During the past year we have been watching quite a number of issues go wrong with our much heralded financial institution.  Last year will be recorded in the history books as one that should’nt be repeated, however should not be forgotten.  Jump to the present and we are in a horrible recession and our national deficit is rising at an alarming rate.  

At this point 12 months ago gas prices were very exorborant and American consumers were singing the blues, if we thought that was terrible jump forward to the present and we are wishing for something to change.  

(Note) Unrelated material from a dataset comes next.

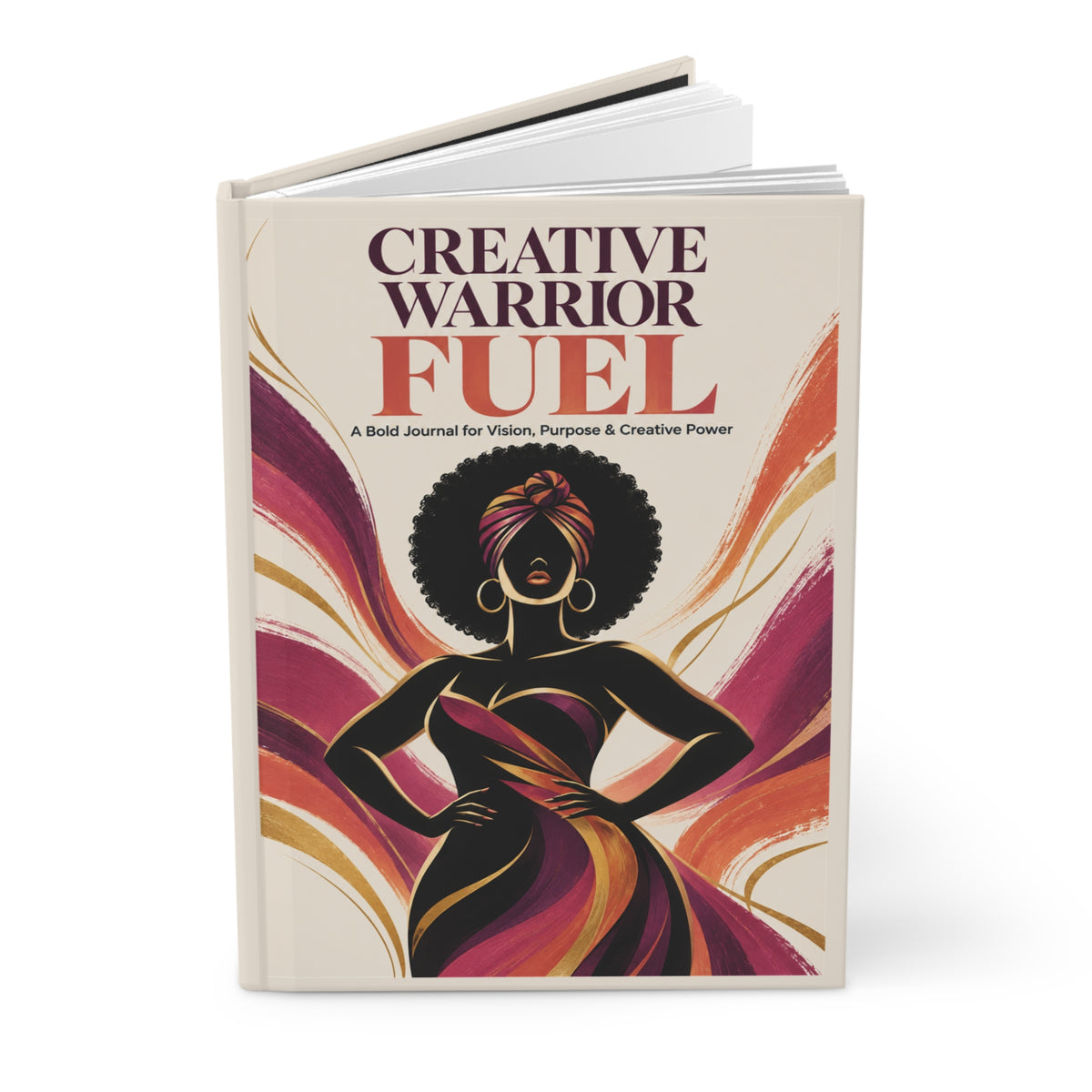 A hardcover journal titled 'Creative Warrior Fuel' shown standing upright on a white background. The cover features a stylized illustration of a woman with an afro hairstyle, wearing a headwrap and dress in deep purple, red, orange, and black tones against a cream-colored background.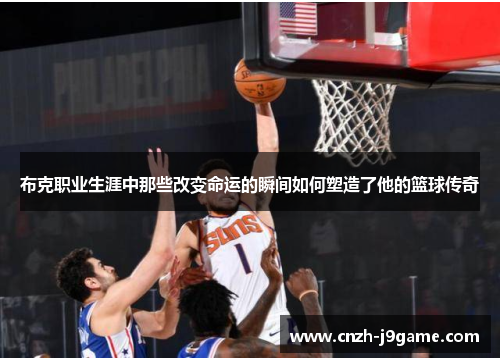 布克职业生涯中那些改变命运的瞬间如何塑造了他的篮球传奇 布克职业生涯中那些改变命运的瞬间如何塑造了他的篮球传奇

The trickle down effect began last fall when most of our giant banking institutions started to fail and ask for money from the government.  This ignited chaos for millions of Americans, countless amounts of consumers lost their life savings in the stock market.  Speaking of which the market at one point slipped so low consumers were scared we were days away from an all out depression.  

The next market that got enormously affected is the mortgage industry.  Were now witnessing all time highs in the amount of home repossessions and the worst most analysts believe has not yet hit.  The scams being used in the sub-prime mortgage industry are what began this entire headache and still continue to plague it.  Many speculate it might take up to five years for the real estate market to be running smoothly again.

Finally the automobile industry has run into some massive problems.  A lot of the major automobile institutions are in need of bailout money or are filing for bankruptcy.  If this is an indicator of things to come it is very scary.

One more enlarging problem for tens of millions of US taxpayers is the growing number of credit card defaults.  Credit card debt has climbed to an all time high as well.  Many debtors are going through a extremely difficult time trying to get out of debt.  The good thing is there are debt solutions that can enormously assist debtors in escaping the endless cycle of monthly minimum payments.  One of the more helpful systems of credit card debt relief has become credit card debt settlement, particularly during this economic collapse.  This process assists consumers in saving a lot of money.  

The reason getting rid of debt is important for so many is because unemployment is also soaring.  Debtors need to keep more funds for themselves to budget their homes and keep them afloat.  With such difficult times saving income has become so important, nobody experiencing hardship as of the moment should put off on attempting to get their families out of debt.